A banking giant with $1.80 trillion in assets under management is paying a multi-million dollar civil penalty for making false statements to clients and overcharging customers.
In a press release, the Monetary Authority of Singapore (MAS) says it’s hitting Credit Suisse with a $3.9 million SGD ($2.90 million) fine for failing to stop illegal practices enforced by the bank’s relationship managers.
The regulatory agency says the bank’s relationship managers repeatedly violated Singapore’s Securities and Futures Act (SFA) by explicitly overcharging institutional customers and omitting certain information to cover up the misconduct.
Specifically, the MAS zeroes in on over-the-counter bond transactions where Credit Suisse’s relationship managers lied about the costs involved in executing the trades, leading the clients to pay more than they should have.
The employees also concealed key details that would have revealed that the charges were above the bilaterally agreed rates.
The MAS notes that the bank had failed to establish internal controls, including post-trade monitoring, that would have prevented the bad behavior of its employees.
MAS Deputy Managing Director Ms. Ho Hern Shi says,
“Financial institutions should implement robust governance frameworks and processes to ensure fair and transparent pricing to their customers.

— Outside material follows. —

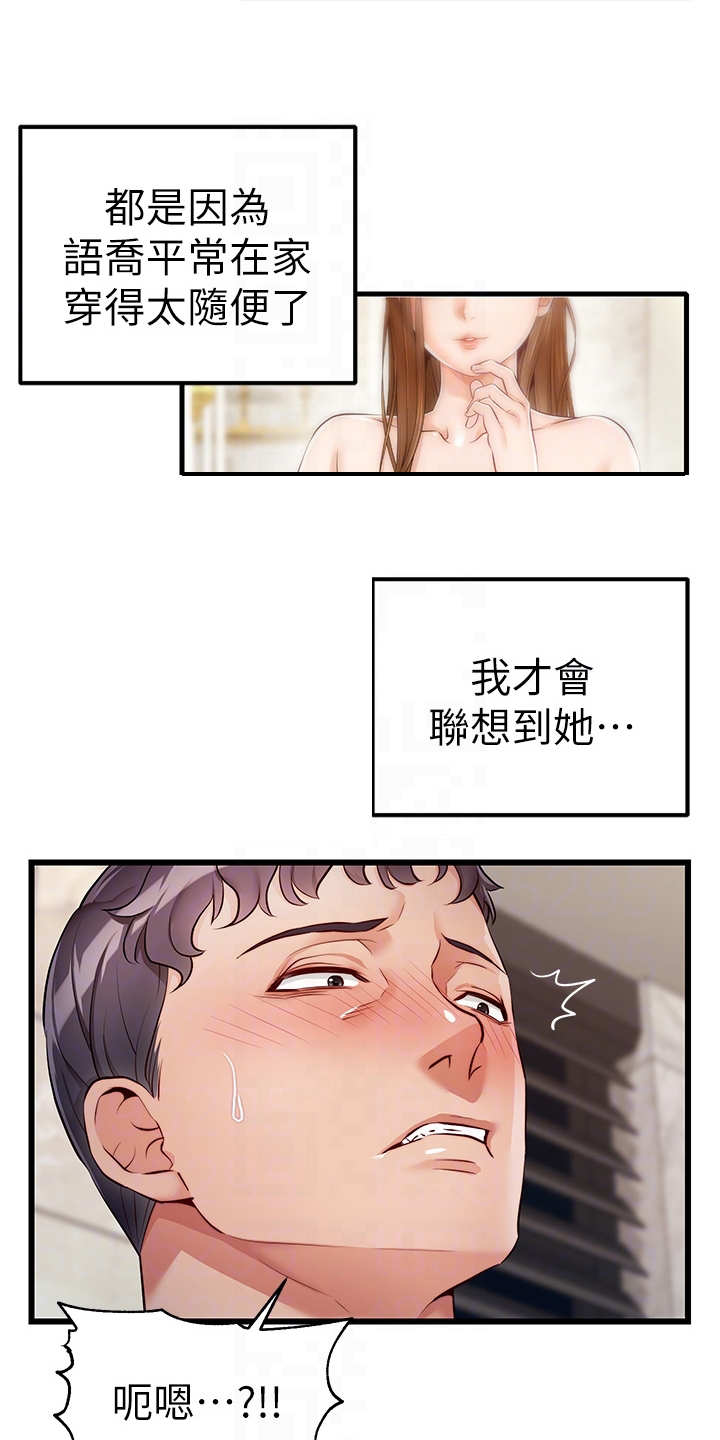 第9章：如你所愿10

We will continue to engage the banks to improve their controls in this area and will not hesitate to take firm enforcement action against financial institutions found to have breached our laws.”
In response, Credit Suisse immediately settled the civil penalty, admitted liability and strengthened its internal controls.
The troubled bank was acquired by UBS back in June and says it will continue to operate as a “bank within a bank,” maintaining its services and client relations as usual.